Friday, October 31, 2008

Hydromel

Tonight I was browsing through my books and by chance read a short story from my library by Vassili Iretsky, "Hydromel."

I found it chillingly timely, even though it was written nearly a century ago. The setting, of course, is the Soviet Union during the first years after the communist Revolution.

"From his long-legged English father Bromley had inherited obstinacy and perseverance, from his Cossack mother a poetic love for the open vastness of the black-soil plains ... Almost entirely with his own hands he built a small house ... and last of all, some beehives.

"One winter's day, grim-visaged trouble made its entrance ... appeared first one horse, then a second, then a third ... [each] carried a surly looking man ...

"One of the men ... bawled at him: 'In accordance with the orders of the Ispolk[Executive Committee], you are to submit yourself unquestioningly to my authority...You are understood to own a number of hives: the whole lot are to be nationalized for the benefit of the workers: that goes for all the honey and wax you've got, too ... Hand over everything you've got; if you don't, you'll be shot.

"'...For once in a way you can work for the proletariat, instead of the other way around ... Parasites have been formally prohibited.'"

"Bromley threw him a contemptuous look. 'Parasites,' he said looking him up and down, 'are people who live by the honest labor of others.

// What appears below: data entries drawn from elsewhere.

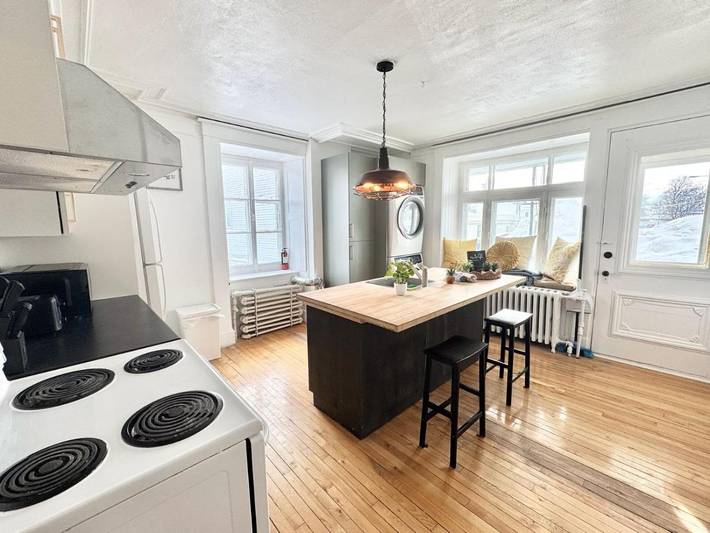 Apartamento de vacaciones para 8 personas, con terraza y jardín - 1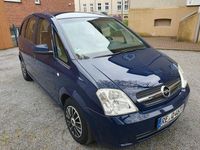 Gebraucht Opel Meriva 87 PS (63 kW) 2004 Blau Van / Kleinbus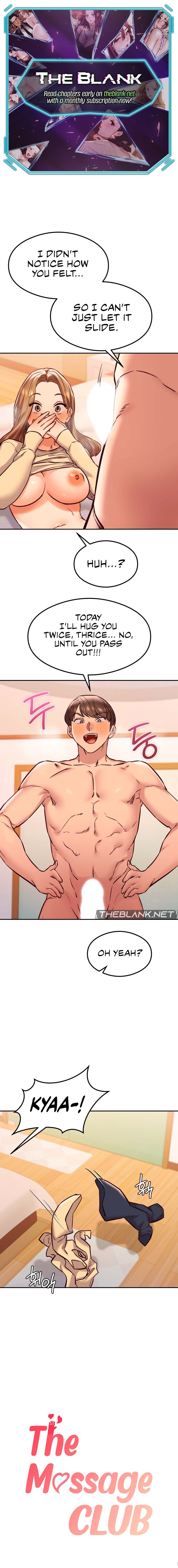 The Massage Club Chapter 42 image 0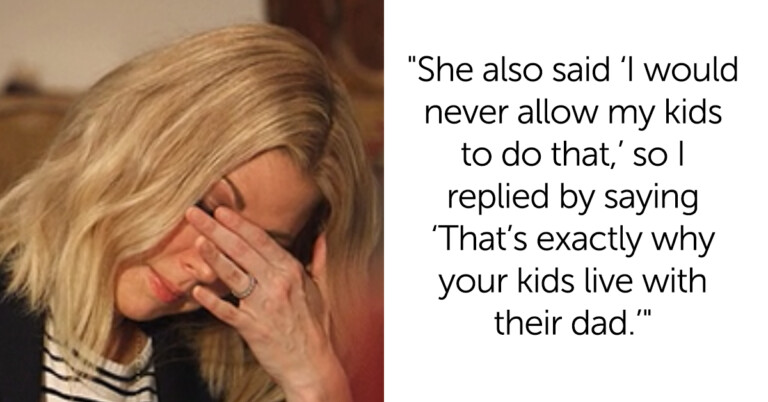 Woman Asks ‘AITA’ For Telling Her Sister Why Her Kids Want To Live With Their Dad After She Criticizes Her Parenting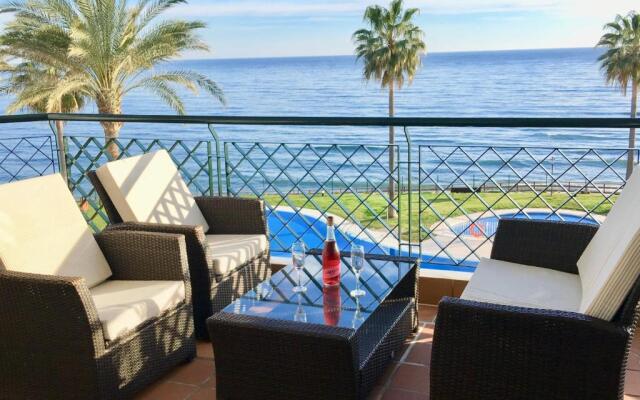 MI CAPRICHO B16 Beachfront Apartment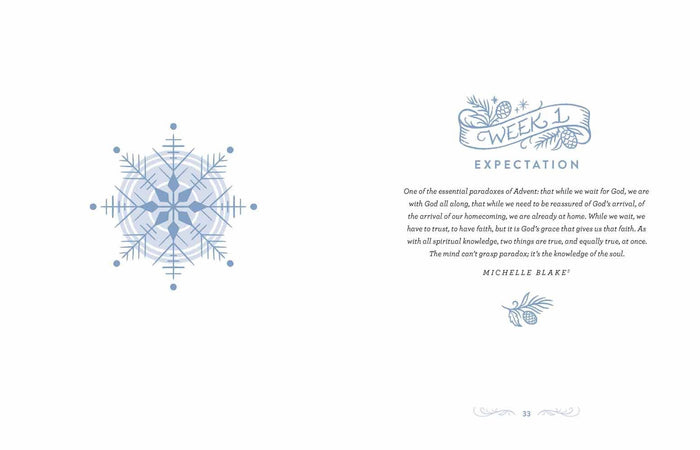 Shadow and Light: A Journey into Advent, by Tsh Oxenreider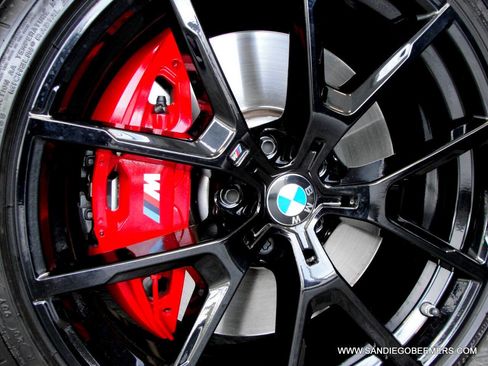 Used 2023 BMW M440i Gran Coupe M440i GC+LASER+TIRE COOLING PK image 3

All my life I have never worked less hard than any ordinary workman, and perhaps a good deal harder. This honey was produced by my labor, certainly not by yours; yet you assume the ----'

"He was not given time to finish. An obscene oath burst from the leader, followed by: 'In accordance with my powers I have the right in the event of resistance to arrest and shoot you. You are resisting: I arrest you! ... You've made profits out of your land. That sort of thing's been stopped. Now's the time for the workers to make a bit of profit for a change. That's all there is to it."

2 comments:

Janice Thomson said...

Yikes!...am so glad I live in these times and in this country...

Eastcoastdweller said...

Yes, indeed, a country where wealth is not yet spread around at the point of a gun.